__Records__
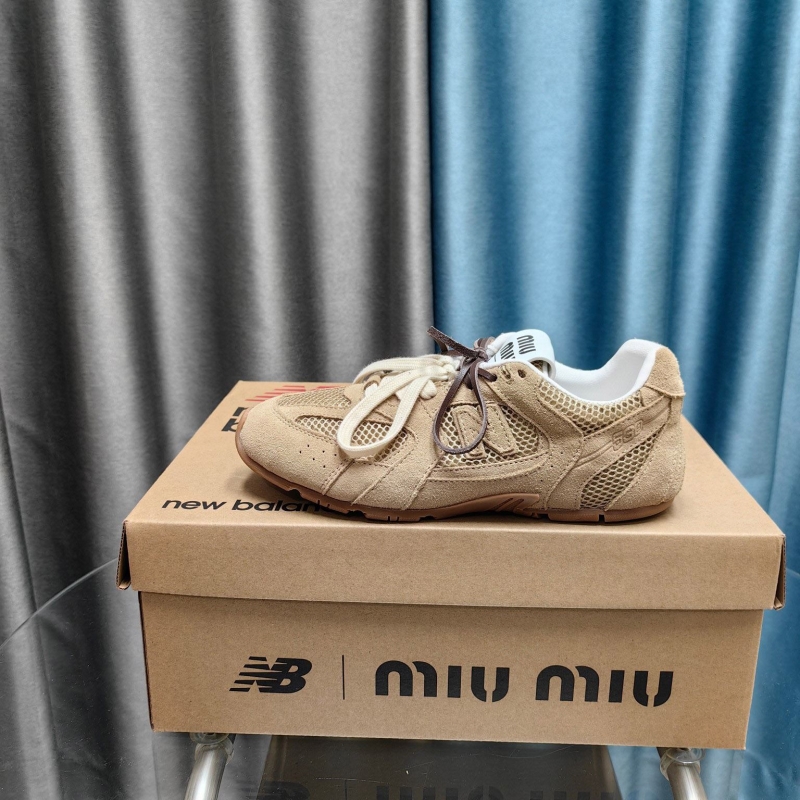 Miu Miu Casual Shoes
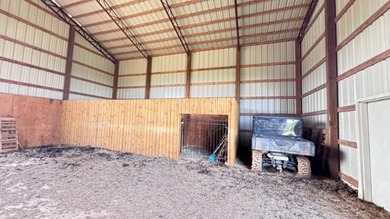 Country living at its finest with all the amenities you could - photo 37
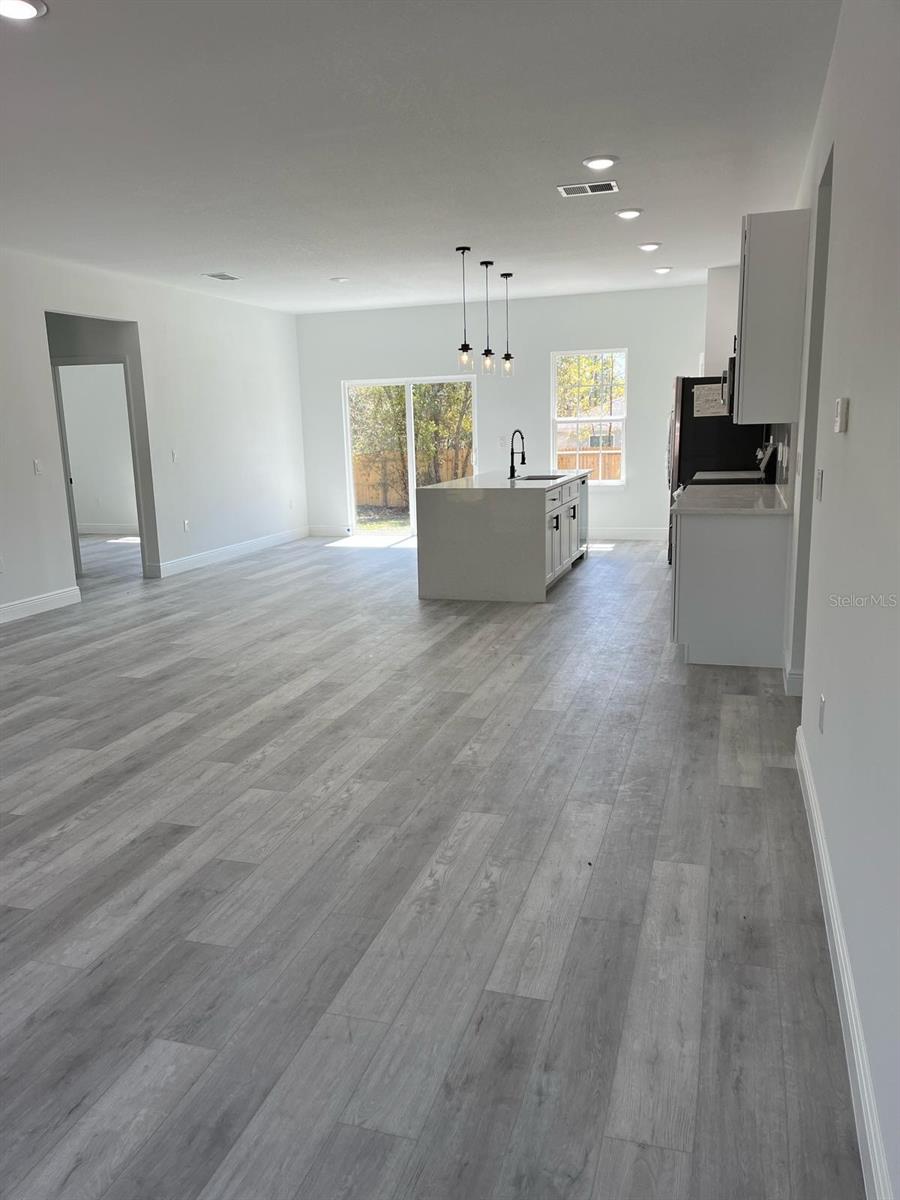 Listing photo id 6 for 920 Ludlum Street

...

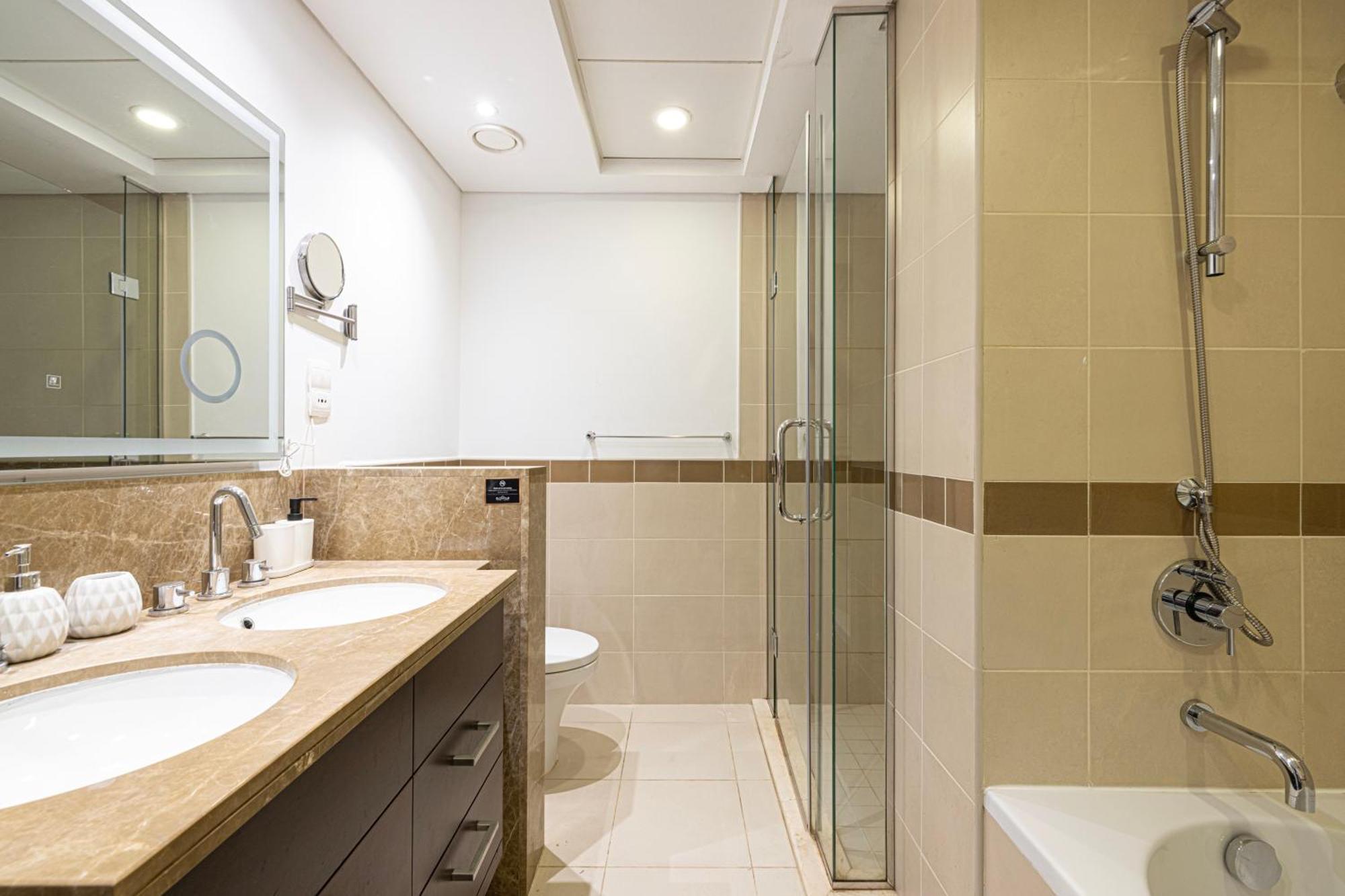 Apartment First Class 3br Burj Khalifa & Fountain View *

__Work order__
Quote the data above exactly from the line with "Country living at" to the line with "Listing photo id 6 for 920 Ludlum Street", both ends counted, and nothing else. Pictures don't go in.

__Solution to the problem__
 Country living at its finest with all the amenities you could - photo 37
 Listing photo id 6 for 920 Ludlum Street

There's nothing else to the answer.